The Aula Palatina has survived because several important people over time thought it was of better use intact than as quarry (like so many other Roman buildings). It's today one of the largest rooms that has survived from my time. Though I must admit the roof had fallen in in the 5th century and it took some time to get a new roof up - those barbarian Franks or Merovingians or whatever they called themselves at the time (sorry, Gabriele, the history of that time is a mess not even Merlinus can make sense of) probably had no idea how to construct a roof that large.

Aelius, it was a worse mess in Britannia, and the fact that Merlinus appears in several sources and songs makes me wonder about his time travel research methods. *grin*

(Aula Palatina, interior)

And especially for Constance who I understand likes to have numbers, here's the measures of the hall. The length is 71.5 metres (including the apsis), the breadth 32.6 metres. The original height can only be estimated since the original roof got lost; it's supposed to have been about 33 metres with the gable top at 40 m. The walls are 2.70 metres thick.
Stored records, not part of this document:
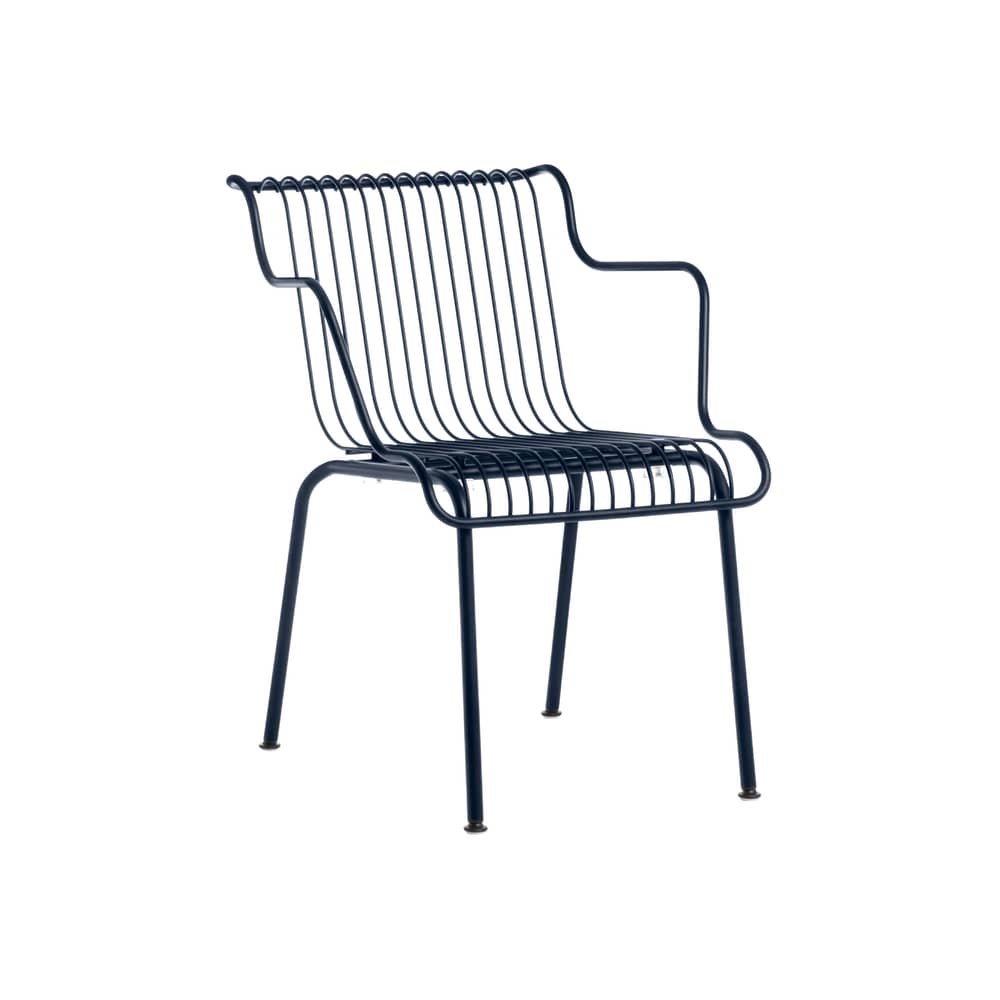 Fauteuil de repas empilable South métal bleu / Konstantin Grcic, 2023 - Magis - Bleu nuit - Acier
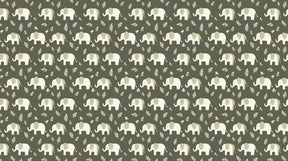 Detailed elephant mural wallpaper design pattern showing cute safari animals on green olive background by Kids-Mundo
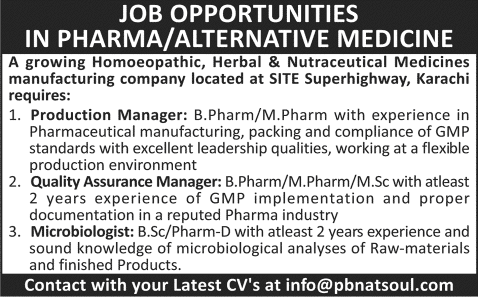 Production Manager, Quality Assurance Manager & Microbiologist Jobs in Karachi 2013 December for Natsoul Pharmaceutical Company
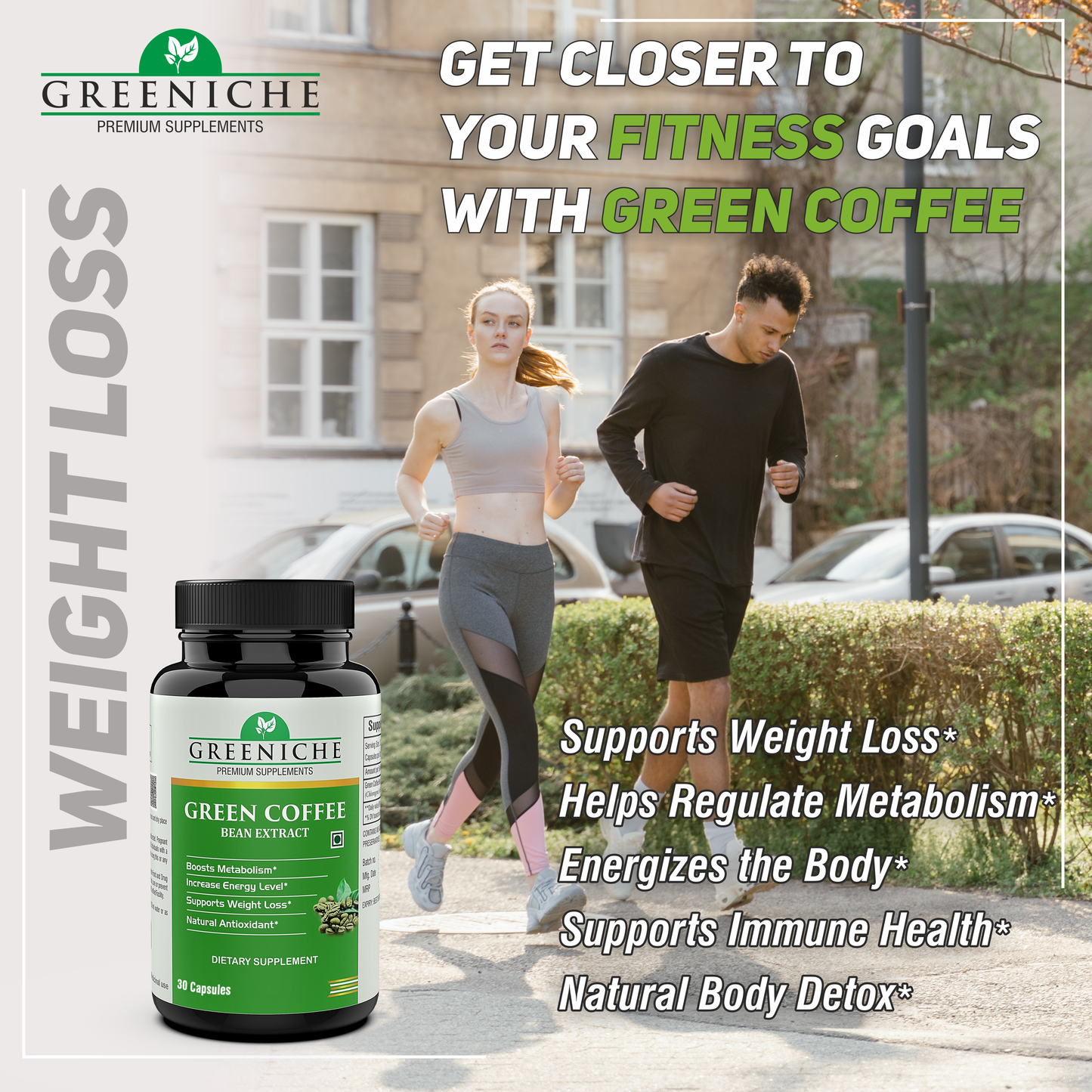 Greeniche Green Coffee Bean Extract 800mg For Weight Loss - 90 Capsules
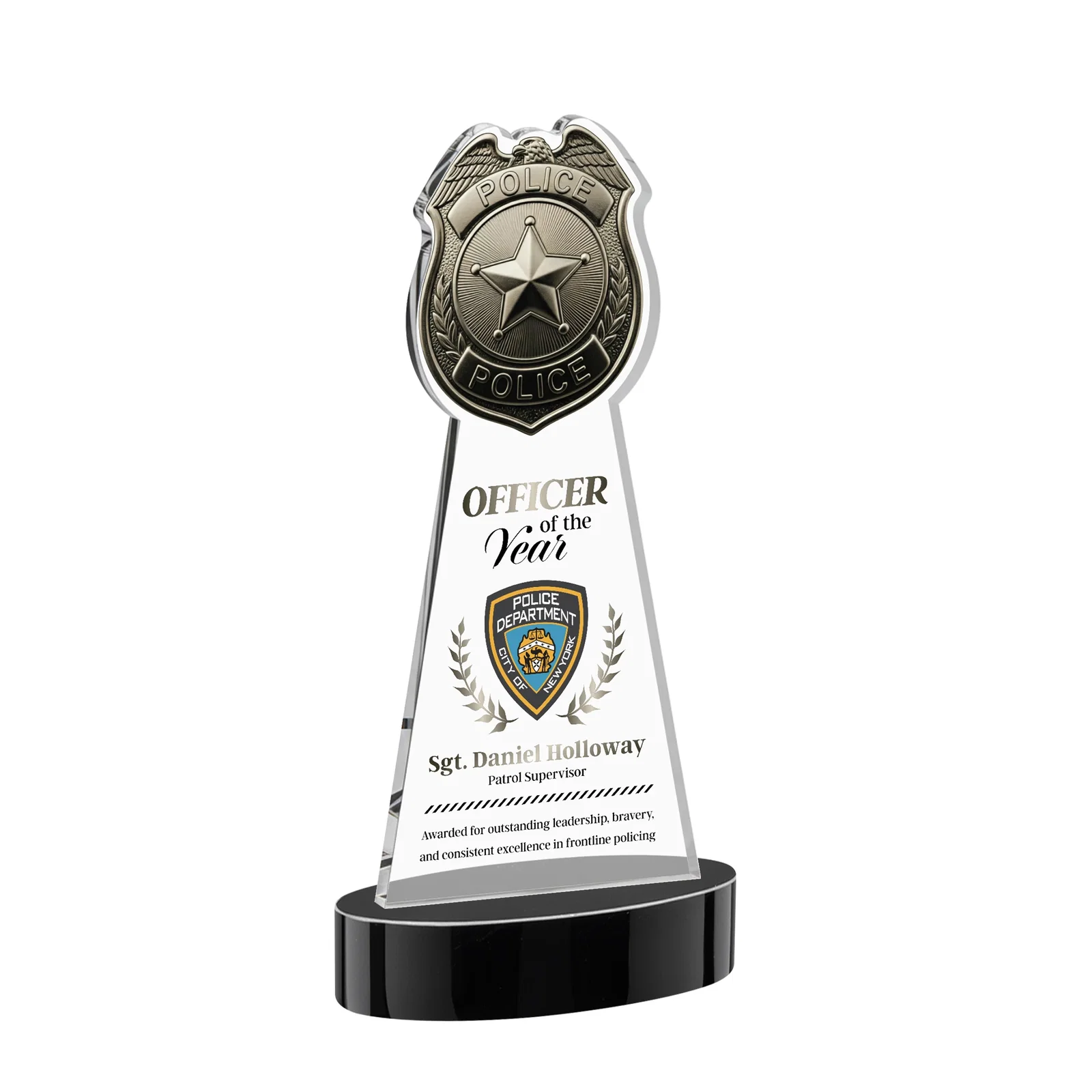 Custom printed Starfire Crystal Police Badge Award on Oval Base for team milestone celebrations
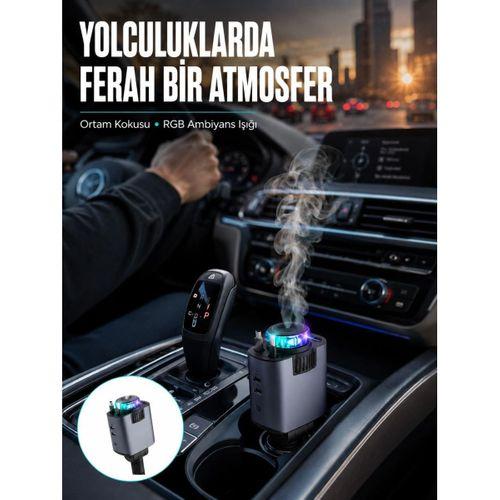 Araç İçi Çok Fonksiyonlu Şarj Cihazı Hava Nemlendirici Aroma Ve Yıldız Işık Yeni Nesil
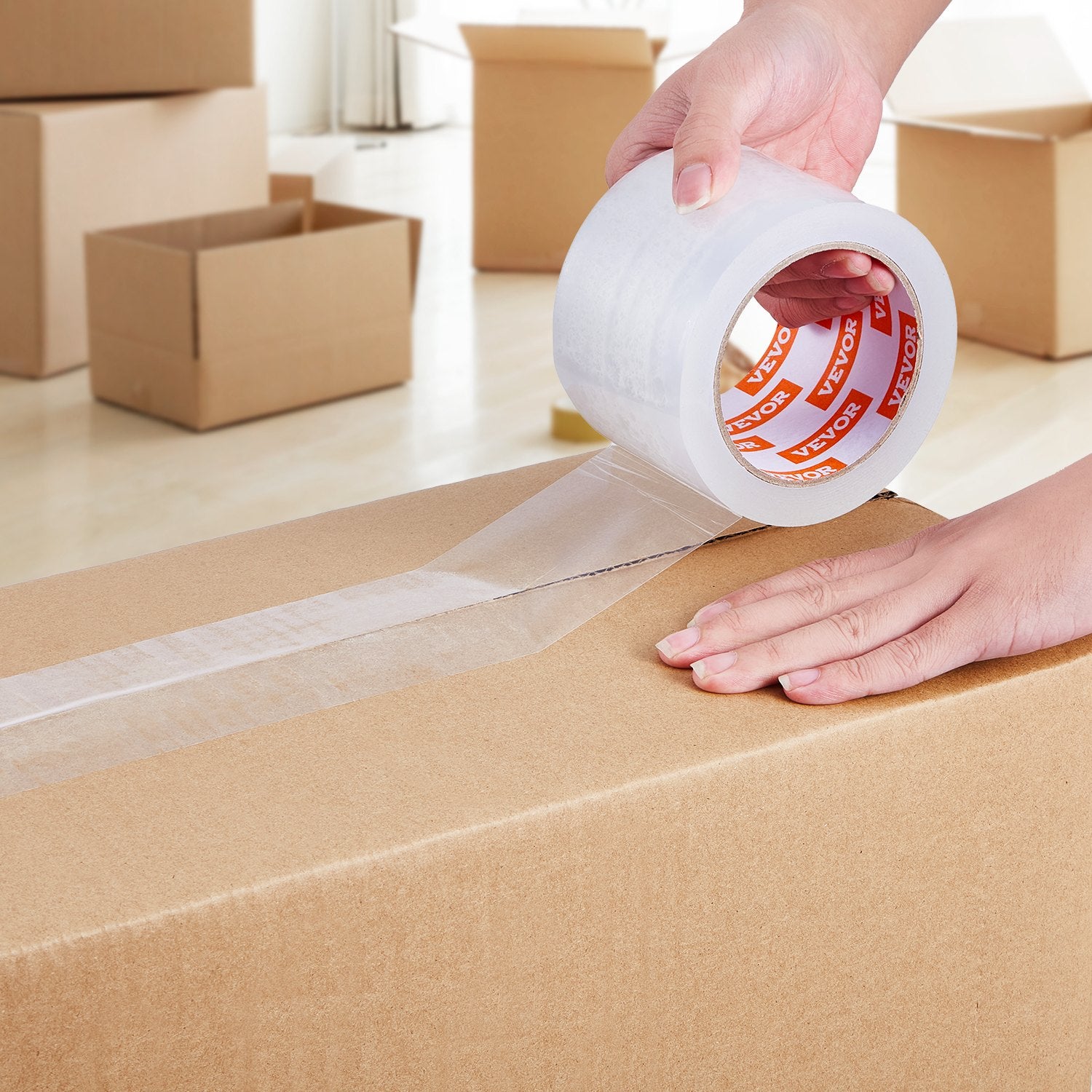 Tape & Dispensers: VEVOR Clear Packing Tape 6 Rolls 65 Yards Heavy Duty Clear Packing Tapes 2.7 Mil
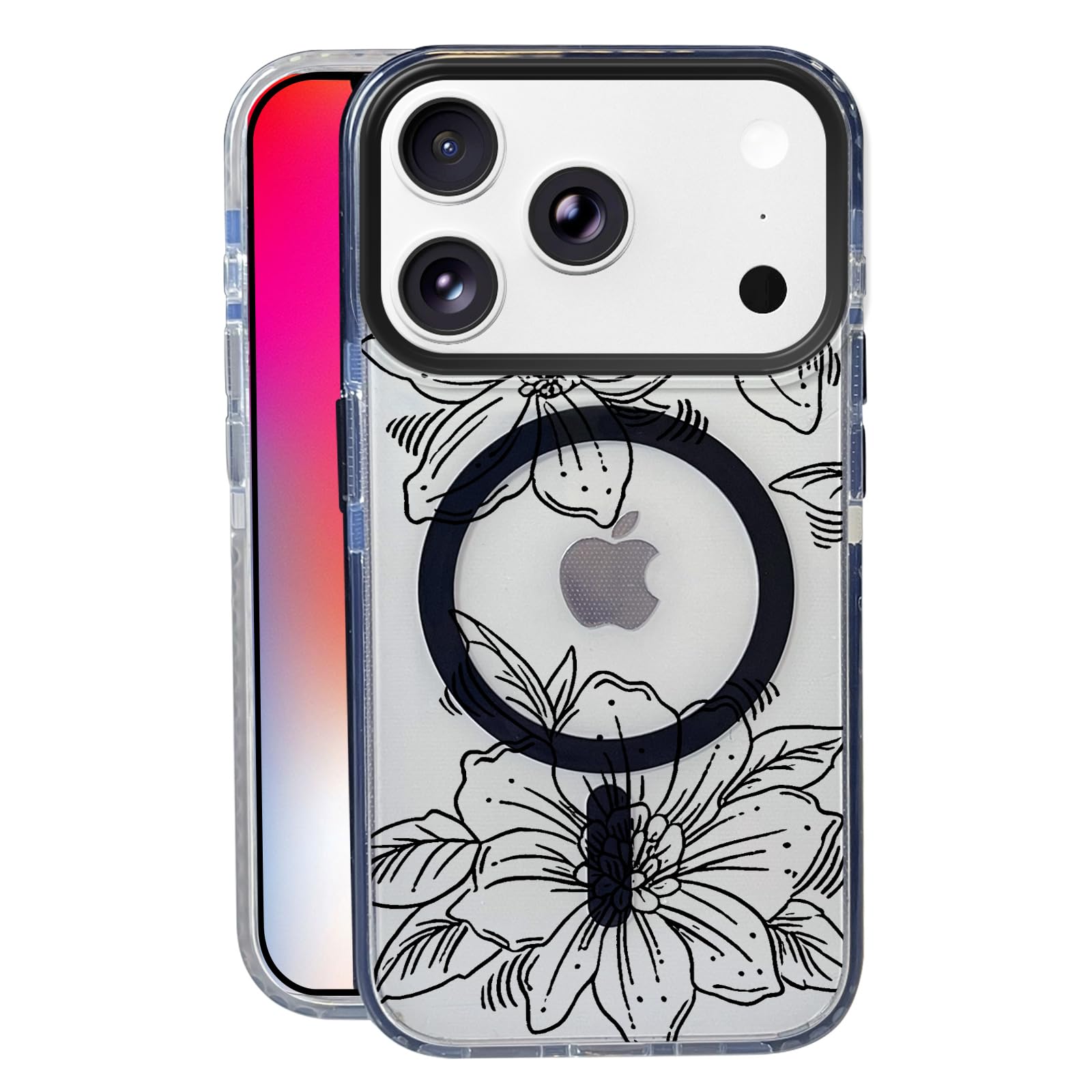 Nimeey Black Line Floral for iPhone 17 Pro Case,MagSafe Compatible,Matte Soft Slim Shockproof Cover,Anti-Fingerprint,Anti-Yellow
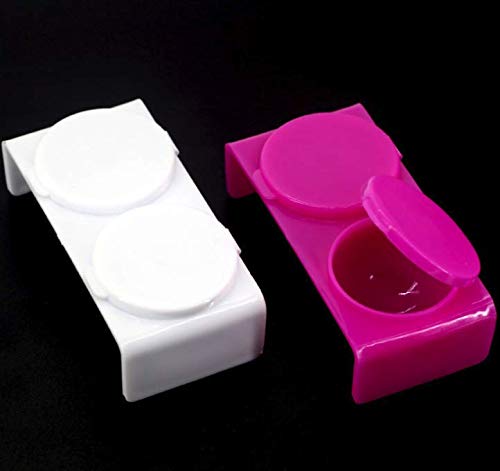 LASSUM 2PCS Double Cup Plastics Nail Art Cup Bowl Soaking Dish Dappen Dish with Lids for Mixing Acrylic Powder Liquid - BeesActive Australia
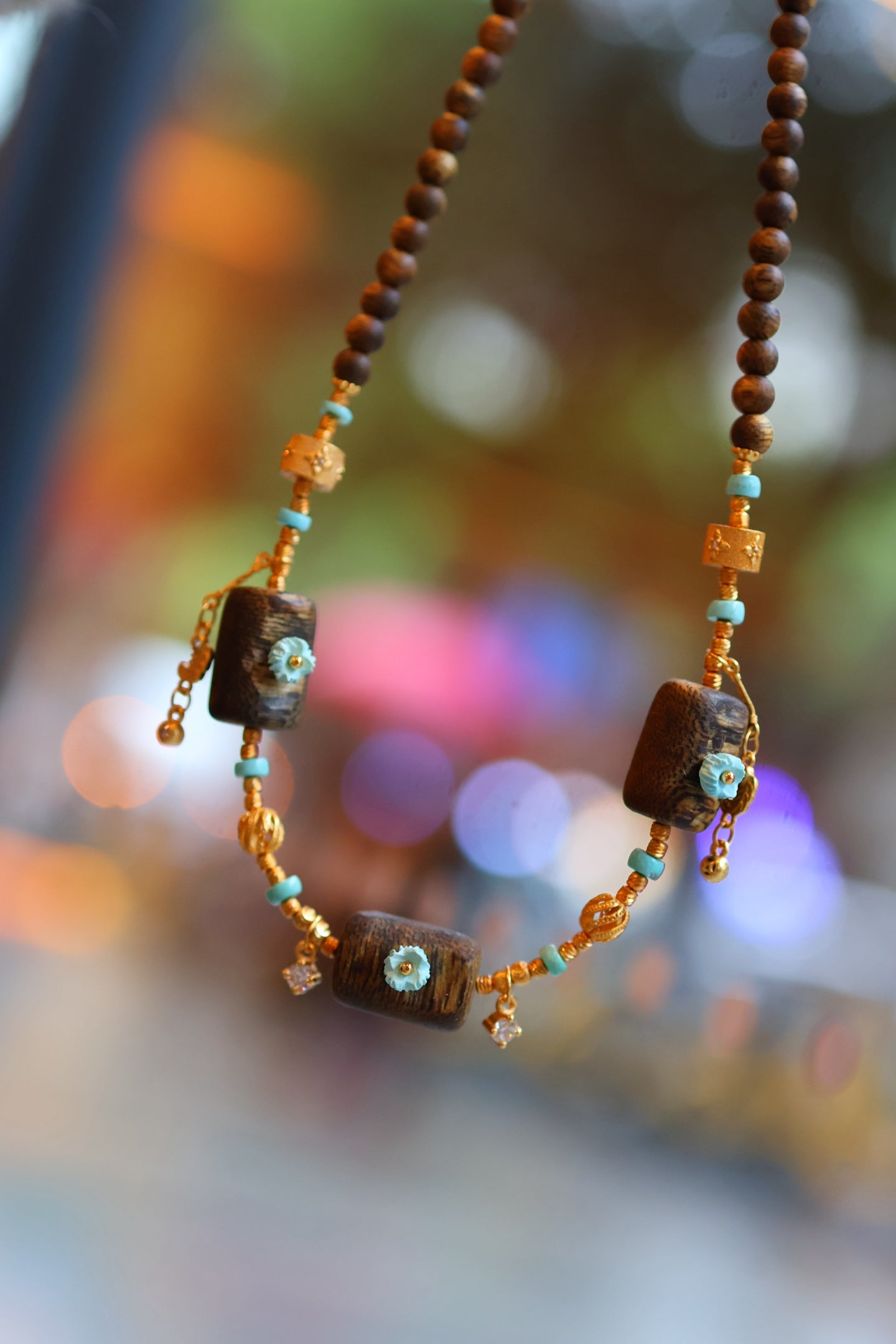 Kynam Agarwood Necklace, Sky-Blue Turquoise & Carved Flower Drops, 4.5mm, 45cm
Yeah, we built walls there. ;)

A hall like this shows the difference between the residence of a governor and that of an emperor. Everything needs to be two or three sizes larger. Or four, if you can find the money. The Aula Palatina was built on the foundations of a palace from my time, the living quarters, offices, and representation rooms of the legatus Augusti pro praetore, or governor. That one already had a rather large main hall with an open anteroom with some pretty colonnades. Not the place an auxiliary soldiers usually gets to see - we're not invited to the posh parties - but I served as messenger and had to see the governor, so I could take a peek. Not bad at all, marble floors and some nice frescoes on the walls. But it got out of fashion in the 3rd century and nothing remains of the dismantled hall and the governor's living quarters.

Treviris got a boost when it became the favourite residence of Emperor Maximinianus who supposedly planned for the Extreme Makeover Home Edition of the governor's residence. Though it fell to his successors Constantius Chlorus and Constantine the Great to get the actual work done. It's often ascribed to Constantine alone, but since that emperor left a lot of half finished projects behind when he moved his main seat to Constantinople in AD 326, while the Aula Palatina and the palace were completed, it's more likely work had begun before his time. Though somne bricks with a stamp from a factory dating to 310 shows that building was still going on then.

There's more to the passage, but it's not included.